This pre-Hispanic recipe uses vegetables harvested from the 'milpa' (the corn field), such as sweetcorn, courgettes and delicious fresh poblanos. The poblanos give this soup a fresh flavour with a gentle heat and the soft tortillas are the perfect accompaniment to serve with this chunky soup.


  1. Roast the poblano chillies by putting them directly over a flame on your gas hob (or on a heavy-based dry frying pan over high heat) – turn them carefully until the skins are charred all over.
  2. Put the roasted chillies in a plastic bag, wrap the bag in a tea towel, and leave the chillies to sweat for at least 15 minutes.
  3. Remove the chillies from the bag and peel away the charred skins, then rinse under cold running water and discard the stems and seeds. Pat dry and slice lengthways into strips.

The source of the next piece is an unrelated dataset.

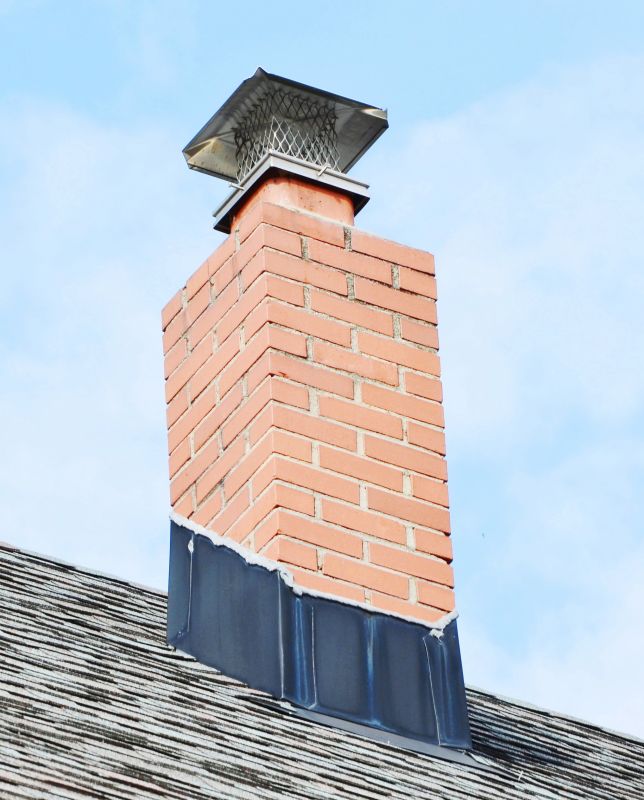 Chimney and Skylight Flashing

  4. Heat the oil in a large saucepan over medium heat and sauté the onion until soft, then add the garlic, chillies and the rest of the vegetables. Sauté for about 3 minutes, stirring constantly.
  5. Add the chicken stock and bring it to a boil. Then add the Epazote and gently simmer for about 10 minutes or until the vegetables are cooked.
  6. Season to taste, then serve the soup straight away with warm soft corn tortillas wrapped in a tea towel.